In other words, the dumber, angrier and less credible your review is, the safer you are.
The case involved a lawsuit filed by ZL Technologies, a Silicon Valley tech company, against Glassdoor Inc. and seven “John Doe” defendants. The Glassdoor.com site lists job openings. It also offers user-generated information and opinions about salaries, interviewing strategies, company culture and more.
ZL Technologies believed that the reviews posted anonymously by the John Doe defendants were libelous and defamatory.
One review said ZL had the “best product on the market,” but “management lacks the experience or focus to drive growth.” Another also lauded the product, but said, “if you like to engage with your job like it’s a bloodsport in a Roman Coliseum, you’ll love your job. Also, pay is 30%-50% lower than industry standards in Silicon Valley.” The other reviews had a similar mix of positive and negative comments, some of them scathing.
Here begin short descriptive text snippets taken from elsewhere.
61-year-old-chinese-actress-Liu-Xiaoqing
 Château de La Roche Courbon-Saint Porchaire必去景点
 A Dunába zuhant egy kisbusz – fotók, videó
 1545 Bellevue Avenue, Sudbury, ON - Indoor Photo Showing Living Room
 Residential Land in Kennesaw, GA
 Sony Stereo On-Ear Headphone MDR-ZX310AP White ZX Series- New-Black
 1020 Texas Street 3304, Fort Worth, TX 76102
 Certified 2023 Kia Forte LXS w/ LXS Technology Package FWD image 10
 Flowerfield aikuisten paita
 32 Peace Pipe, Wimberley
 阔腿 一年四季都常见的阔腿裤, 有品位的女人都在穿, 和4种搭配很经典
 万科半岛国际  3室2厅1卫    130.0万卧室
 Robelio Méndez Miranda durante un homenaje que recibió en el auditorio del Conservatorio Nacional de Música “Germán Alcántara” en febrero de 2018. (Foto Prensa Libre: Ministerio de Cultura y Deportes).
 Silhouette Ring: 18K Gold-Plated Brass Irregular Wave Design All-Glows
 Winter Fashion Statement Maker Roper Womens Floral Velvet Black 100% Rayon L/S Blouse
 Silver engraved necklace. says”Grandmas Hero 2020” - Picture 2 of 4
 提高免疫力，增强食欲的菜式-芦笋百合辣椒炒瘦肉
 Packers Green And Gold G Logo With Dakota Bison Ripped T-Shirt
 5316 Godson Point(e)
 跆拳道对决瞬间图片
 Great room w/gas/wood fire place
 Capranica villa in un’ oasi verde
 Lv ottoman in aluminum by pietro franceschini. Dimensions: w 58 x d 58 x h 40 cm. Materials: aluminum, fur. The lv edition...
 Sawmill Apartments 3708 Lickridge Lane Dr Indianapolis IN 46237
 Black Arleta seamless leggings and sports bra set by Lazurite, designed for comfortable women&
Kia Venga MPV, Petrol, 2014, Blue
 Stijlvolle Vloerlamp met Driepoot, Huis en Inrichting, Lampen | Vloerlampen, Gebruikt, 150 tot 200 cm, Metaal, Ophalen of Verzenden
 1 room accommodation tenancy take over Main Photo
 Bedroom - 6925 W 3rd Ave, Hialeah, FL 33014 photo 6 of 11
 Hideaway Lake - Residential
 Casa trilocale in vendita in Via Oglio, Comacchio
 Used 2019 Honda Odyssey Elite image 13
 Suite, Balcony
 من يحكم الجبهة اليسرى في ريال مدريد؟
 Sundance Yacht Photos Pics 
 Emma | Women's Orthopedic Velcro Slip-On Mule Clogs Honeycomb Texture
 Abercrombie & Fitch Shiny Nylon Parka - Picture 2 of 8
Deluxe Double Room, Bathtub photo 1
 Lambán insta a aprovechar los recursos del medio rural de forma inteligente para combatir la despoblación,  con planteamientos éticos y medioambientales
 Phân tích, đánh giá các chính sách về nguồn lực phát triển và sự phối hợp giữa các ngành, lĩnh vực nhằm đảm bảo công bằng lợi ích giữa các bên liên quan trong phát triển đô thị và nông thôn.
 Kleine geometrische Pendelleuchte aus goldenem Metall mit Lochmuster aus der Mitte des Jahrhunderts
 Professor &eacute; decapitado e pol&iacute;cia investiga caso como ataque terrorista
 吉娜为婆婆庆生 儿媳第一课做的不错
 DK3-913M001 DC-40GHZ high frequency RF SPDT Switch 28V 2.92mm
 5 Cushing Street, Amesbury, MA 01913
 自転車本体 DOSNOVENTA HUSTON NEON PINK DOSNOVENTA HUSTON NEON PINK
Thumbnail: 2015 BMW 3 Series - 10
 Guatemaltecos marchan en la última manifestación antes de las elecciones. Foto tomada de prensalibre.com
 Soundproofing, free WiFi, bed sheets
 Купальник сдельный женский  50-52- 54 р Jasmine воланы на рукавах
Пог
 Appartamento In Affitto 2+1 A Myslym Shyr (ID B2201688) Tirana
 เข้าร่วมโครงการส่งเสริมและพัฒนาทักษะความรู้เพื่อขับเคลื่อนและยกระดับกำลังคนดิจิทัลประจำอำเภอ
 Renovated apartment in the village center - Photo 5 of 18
ZL demanded that Glassdoor turn over the names of the anonymous reviewers so ZL could sue them individually for libel.
Glassdoor refused, saying the comments were shielded by both the United States and California constitutions.
It said the posted statements were “protected opinion, patently hyperbolic, not harmful to reputation. It also said that disclosing the reviewers’ identities would harm Glassdoor’s reputation among its users. The trial court agreed with Glassdoor and dismissed ZL’s lawsuit, whereupon ZL appealed.
As an indication of the significance of the issues involved, friend-of-the-court briefs supporting Glassdoor’s position were filed by Twitter and Public Citizen, a nonprofit free speech advocacy group.
The appellate ruling noted that “the use of a pseudonymous screen name offers a safe outlet for the user to experiment with novel ideas, express unorthodox political views, or criticize corporate or individual behavior without fear of intimidation or reprisal.”
But there are limits on what is allowable. The court noted that, “when vigorous criticism descends into defamation, constitutional protection is no longer available.” The reason: "neither the intentional lie nor the careless error materially advances society’s interest in uninhibited, robust and wide-open debate on public issues.”
California’s appellate court, in the landmark Krinsky v. Doe case (159 Cal.App.4th 1154), had previously ruled that “corporate and individual targets of these online aspersions may seek redress by filing suits against their unknown detractors.” To serve their complaints, “plaintiffs may then seek disclosure of those detractors’ identities.”
In the ZL case, the appellate court explored at length how to determine when an online comment transitions from being a harmless diatribe by someone simply blowing off steam, to being a defamatory statement meant to be taken seriously – and therefore, in this case, intended to be harmful to ZL’s reputation.
“The court must put itself in the place of an average reader” when deciding if a statement is actionable.
A comment is not likely to be taken seriously, it said, if its language is hyperbolic, ungrammatical, satirical, vituperative, uses juvenile name-calling, and is short on specifics.
But if the review is factually specific and serious in tone, and the reviewer claims to have first-hand or specialized experience, a reader is likely to treat that as a credible assertion of fact – and, if defamatory, the comment is fair game for a lawsuit by the target of the criticism.
The appellate panel sent the case back to the trial court for reconsideration of ZL’s request for disclosure of the identities of the John Does.
So, if you are thinking about posting a nasty anonymous online review about a company or individual, remember: make it dumb, crude and/or unbelievable, and perhaps you’ll stay out of court.